Born in the deep south of Mississippi was a young girl who was eager to find out what life was like outside cotton fields and the mixed-race community in which she lived. This inquisitive young woman was Anna Knight. Always eager to learn, she taught herself how to read and write by watching other children.
At an early age, she left her home in Mississippi and traveled to Chattanooga, Tennessee. There she was welcomed in the home of I. Dyo Chambers and his wife, who introduced her to the Seventh-day Adventist Church. The Chambers couple helped her to get an education, and eventually graduate from Battle Creek Sanitarium in 1898 as a self-supporting missionary nurse.
As a dreamer and a visionary, she dedicated her life to changing the thinking of the people in Mississippi, as well as shining the light of Jesus to the people of India. She was the first African-American woman to be appointed a missionary in India, serving more than six years. Never forgetting those she left behind, she returned to Mississippi and continued with the school that she established before going to India.
As a dedicated educator, she was called to the Southeastern Union, which later merged into the current Southern Union Conference, to serve as secretary of education and Young People Missionary Volunteer Society leader, and she helped start the first black YWCA in the city of Atlanta, Georgia.
Several monuments recognize her contribution to education. On the campus of Oakwood University in Huntsville, Alabama, are the Anna Knight Center for Women’s Leadership, which opened in April 2016, and the Anna Knight Education Building, which houses the Education Department. The Historic Adventist Village in Battle Creek, Michigan, has an exhibit profiling the life of Anna Knight; and, the people in India honored her by naming the Anna Knight Nurses Hostel to house the nursing students at the Giffard Memorial Hospital in India.
Even though she was dedicated to the Adventist faith, others have noticed her compassion for education. The Jones Community College in Laurel, Mississippi, has established a scholarship in her honor, which is given out each year to students who plan to work in the rural areas as a teacher or nurse.

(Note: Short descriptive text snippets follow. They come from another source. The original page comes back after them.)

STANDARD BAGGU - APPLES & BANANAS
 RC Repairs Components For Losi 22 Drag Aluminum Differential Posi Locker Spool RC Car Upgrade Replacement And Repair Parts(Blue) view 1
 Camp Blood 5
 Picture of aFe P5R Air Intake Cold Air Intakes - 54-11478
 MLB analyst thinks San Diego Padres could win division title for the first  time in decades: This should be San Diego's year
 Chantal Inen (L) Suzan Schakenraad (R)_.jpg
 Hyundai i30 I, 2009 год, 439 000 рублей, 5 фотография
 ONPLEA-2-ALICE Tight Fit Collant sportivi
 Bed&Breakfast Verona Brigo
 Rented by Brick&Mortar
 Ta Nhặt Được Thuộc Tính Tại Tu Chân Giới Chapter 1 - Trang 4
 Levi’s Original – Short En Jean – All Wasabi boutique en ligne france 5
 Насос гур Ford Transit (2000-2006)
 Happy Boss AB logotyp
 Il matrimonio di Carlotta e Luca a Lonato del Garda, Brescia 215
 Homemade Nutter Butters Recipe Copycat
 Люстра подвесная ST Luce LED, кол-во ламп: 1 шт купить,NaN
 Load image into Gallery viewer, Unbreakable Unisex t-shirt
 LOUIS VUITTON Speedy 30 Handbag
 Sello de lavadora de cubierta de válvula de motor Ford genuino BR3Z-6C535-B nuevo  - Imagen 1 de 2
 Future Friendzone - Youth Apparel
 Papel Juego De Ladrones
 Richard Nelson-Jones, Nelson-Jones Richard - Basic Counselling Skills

This past summer, a major movie, The Free State of Jones, starring noted actor Matthew McConaughey, was released. It is the story of her father, Newton Knight, a yeoman farmer from Mississippi who rebelled against the Confederate Army, and returned to his home to protect the women and children left behind. Several of Knight’s family members were cast as extras in the movie. PBS of Mississippi did a feature story on Anna Knight which aired in the summer of 2016. Her life was noted not only in the Adventist family, but the world.
Dorothy Knight Marsh, her great-niece, recently released a book, From Cotton Fields to Mission Fields: The Anna Knight Story, based on Anna Knight’s 1952 autobiography, Mississippi Girl.
This woman of purpose, who had no fear, dedicated her life to educating and improving the lives of people around her, no matter who or where they were.